The Professionalism of Roger Federer
When listing the attributes that make a tennis player great, we most commonly speak of a player’s talent, fitness, and competitive instincts. In terms of talent, Roger Federer leads the current crop of male players, with only Rafael Nadal and Gael Monfils on the same plateau.
In fitness he would also have to rank at or near the top, as his off-court preparation, combined with his smooth movement and energy-conserving style, have kept him remarkably free of injury in an era rife with shin splints, bone spurs, and strained abs.
As a competitor, he’s near the top of the current crew, despite a few painful losses in five-setters at majors. I consider the finest competitors active today to be Nadal and Lleyton Hewitt—guys who’ve won majors and been ranked No. 1 despite having to work far harder on the court than Federer does—but the great Swiss ranks no worse than third.
But there are other categories beside these that should be considered. One example is game. Though the Swiss is certainly in the top fraction of one percent worldwide in terms of athleticism, he has faced players who were on a similar plane in the recently retired Marat Safin, the phenomenally muscular and quick Nadal, as well as Monfils, whose height and sheer speed would make him a good fit for the position of NFL wide receiver or NBA small forward.
However, Federer is ahead of each in terms of game, including Nadal, whose style of play is more tailored for slow surfaces, and whose two major wins off clay required epic efforts drawing on his aforementioned competitiveness.
Whereas Safin had a net aversion to overcome and Nadal’s serve is not a weapon, Federer is world-class from every part of the court.
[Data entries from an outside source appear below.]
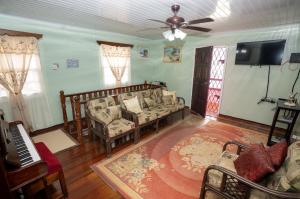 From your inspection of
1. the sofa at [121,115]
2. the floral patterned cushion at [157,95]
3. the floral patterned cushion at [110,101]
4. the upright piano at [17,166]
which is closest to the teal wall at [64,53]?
the sofa at [121,115]

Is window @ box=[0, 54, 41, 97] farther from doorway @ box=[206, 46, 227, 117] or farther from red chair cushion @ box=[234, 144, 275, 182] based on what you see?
doorway @ box=[206, 46, 227, 117]

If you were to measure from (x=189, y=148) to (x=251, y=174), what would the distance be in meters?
1.44

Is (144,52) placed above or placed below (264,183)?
above

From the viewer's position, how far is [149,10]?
233 centimetres

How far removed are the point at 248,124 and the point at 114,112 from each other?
3.31 metres

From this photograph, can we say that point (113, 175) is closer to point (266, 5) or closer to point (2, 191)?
point (2, 191)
Talent helps, but the type of training a player receives, especially in their youth as they are developing physically, is critical in developing a game with no holes.
This goes a long way in explaining why surface adjustment has rarely been a big concern for the Swiss. At Roland Garros, the major where he has struggled the most, he is defending champion and has reached four consecutive finals. But there’s another aspect that explains his phenomenal success, with a record 15 Grand Slam wins, now 22 finals, and 23 consecutive semis: professionalism.
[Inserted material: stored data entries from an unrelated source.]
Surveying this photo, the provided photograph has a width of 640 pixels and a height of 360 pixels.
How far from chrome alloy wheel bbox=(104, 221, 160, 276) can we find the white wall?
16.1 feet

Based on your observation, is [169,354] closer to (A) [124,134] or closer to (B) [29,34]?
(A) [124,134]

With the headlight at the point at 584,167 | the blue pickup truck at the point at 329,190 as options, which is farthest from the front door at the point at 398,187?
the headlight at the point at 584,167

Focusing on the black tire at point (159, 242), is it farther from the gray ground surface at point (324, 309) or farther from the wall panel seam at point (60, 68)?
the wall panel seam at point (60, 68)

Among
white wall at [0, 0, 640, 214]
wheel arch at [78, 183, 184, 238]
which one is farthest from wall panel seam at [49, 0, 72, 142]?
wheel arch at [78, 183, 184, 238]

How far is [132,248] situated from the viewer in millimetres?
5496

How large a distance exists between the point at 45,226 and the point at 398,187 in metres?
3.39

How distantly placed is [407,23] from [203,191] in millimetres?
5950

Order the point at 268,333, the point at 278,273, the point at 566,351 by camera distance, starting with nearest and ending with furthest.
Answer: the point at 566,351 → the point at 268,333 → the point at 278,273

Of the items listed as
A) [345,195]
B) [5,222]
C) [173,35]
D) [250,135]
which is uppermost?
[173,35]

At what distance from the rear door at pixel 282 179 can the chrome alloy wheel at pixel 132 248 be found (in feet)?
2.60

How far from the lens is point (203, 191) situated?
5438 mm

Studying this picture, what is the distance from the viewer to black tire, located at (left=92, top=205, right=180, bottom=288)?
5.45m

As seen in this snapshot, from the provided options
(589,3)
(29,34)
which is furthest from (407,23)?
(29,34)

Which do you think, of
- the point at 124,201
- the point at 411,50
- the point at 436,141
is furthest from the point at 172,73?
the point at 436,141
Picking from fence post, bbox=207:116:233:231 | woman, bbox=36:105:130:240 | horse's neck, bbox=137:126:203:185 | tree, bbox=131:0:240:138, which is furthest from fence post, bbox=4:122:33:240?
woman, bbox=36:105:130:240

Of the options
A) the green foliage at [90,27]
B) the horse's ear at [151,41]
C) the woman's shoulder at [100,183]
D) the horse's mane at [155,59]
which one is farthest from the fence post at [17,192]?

Dictionary.com defines “professionalism” as 1) “professional character, spirit, or methods” and 2) “the standing, practice, or methods of a professional, as distinguished from an amateur.”
At most jobs, it is used to distinguish behavior becoming of a practitioner of that occupation from behavior that diminishes how that person is perceived. It applies to everything from ethical behavior to effort to appearance.
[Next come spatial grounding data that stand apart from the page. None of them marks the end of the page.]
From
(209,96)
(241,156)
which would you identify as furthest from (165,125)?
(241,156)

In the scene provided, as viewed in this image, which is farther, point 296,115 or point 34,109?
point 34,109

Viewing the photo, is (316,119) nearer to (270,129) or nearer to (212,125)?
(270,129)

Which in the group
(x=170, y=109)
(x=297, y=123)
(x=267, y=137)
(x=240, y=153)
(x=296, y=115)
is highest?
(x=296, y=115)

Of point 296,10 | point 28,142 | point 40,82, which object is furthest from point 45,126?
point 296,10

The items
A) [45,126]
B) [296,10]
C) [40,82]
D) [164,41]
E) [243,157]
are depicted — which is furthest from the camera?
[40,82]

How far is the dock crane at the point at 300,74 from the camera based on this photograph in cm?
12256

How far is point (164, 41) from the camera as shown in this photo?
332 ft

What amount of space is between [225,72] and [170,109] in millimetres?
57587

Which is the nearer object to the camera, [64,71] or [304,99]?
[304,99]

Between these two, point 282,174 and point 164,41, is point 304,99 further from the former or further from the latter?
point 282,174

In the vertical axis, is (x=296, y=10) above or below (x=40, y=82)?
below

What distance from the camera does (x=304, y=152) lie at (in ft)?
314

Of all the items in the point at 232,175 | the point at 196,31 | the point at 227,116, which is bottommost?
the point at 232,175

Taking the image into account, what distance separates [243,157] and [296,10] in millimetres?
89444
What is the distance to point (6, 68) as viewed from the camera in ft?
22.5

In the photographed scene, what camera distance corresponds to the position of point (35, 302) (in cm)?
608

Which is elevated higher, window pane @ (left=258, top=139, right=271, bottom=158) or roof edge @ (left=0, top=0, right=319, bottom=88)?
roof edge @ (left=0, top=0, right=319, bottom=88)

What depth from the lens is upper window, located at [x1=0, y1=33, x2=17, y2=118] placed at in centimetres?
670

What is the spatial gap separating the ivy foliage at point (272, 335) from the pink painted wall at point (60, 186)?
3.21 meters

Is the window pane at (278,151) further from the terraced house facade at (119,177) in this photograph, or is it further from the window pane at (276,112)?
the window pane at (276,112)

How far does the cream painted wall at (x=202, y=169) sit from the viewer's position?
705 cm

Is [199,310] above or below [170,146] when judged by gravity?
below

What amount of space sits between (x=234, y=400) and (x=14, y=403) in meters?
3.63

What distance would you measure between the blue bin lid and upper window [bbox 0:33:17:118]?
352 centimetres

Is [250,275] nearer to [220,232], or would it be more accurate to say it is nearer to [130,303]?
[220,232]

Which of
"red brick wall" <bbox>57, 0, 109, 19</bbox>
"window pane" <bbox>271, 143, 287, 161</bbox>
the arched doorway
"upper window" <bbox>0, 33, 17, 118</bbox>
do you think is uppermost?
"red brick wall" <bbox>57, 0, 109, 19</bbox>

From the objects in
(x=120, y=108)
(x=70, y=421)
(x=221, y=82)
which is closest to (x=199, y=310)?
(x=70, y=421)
Among pro tennis players, it can basically be summed up as preparation. In the 1990s, Pete Sampras and Steffi Graf were the leaders in this category, and in the latter years of his career, Andre Agassi’s greater preparation allowed him to achieve more than he did in what should have been his prime athletic years.
In this decade, no tennis player of either gender has been better prepared for the game’s biggest occasions than Federer. In the ‘90s Sampras conditioned fans to expect no less than one major a year from him, but the great Swiss has been a presence in the final weekend of every major contested in the last six years.
Having talent, fitness, and a complete game can’t explain that, at least not completely. Sampras was thoroughly dominant in 1994, but lost to Gilbert Schaller in the first round of Roland Garros in 1995. In the women’s game, where the competition isn’t as deep, Graf fell to Lori McNeil in the first round of Wimbledon in 1994.
Federer hasn’t fallen out of a major in round one since the 2003 French Open, before he won his first Grand Slam. He hasn’t exited before the first week in a slam since 2004 in Paris, when it took three-time RG champion Gustavo Kuerten to oust him. With this year’s Australian Open, he has reached the semis of every major in the six years since, and the finals of two years worth of majors in succession.
This can only be the result of careful preparation, scouting of opponents, and practice. Sometimes, though, knowing when to not play is just as important. Federer has skipped few events in his career due to injury, but they have generally come at the end of the season when the majors are over. Last year, he skipped a first round Davis Cup tie with the U.S., disappointing many fans. But he proved fresher than his toughest rivals when it came time for Roland Garros and Wimbledon.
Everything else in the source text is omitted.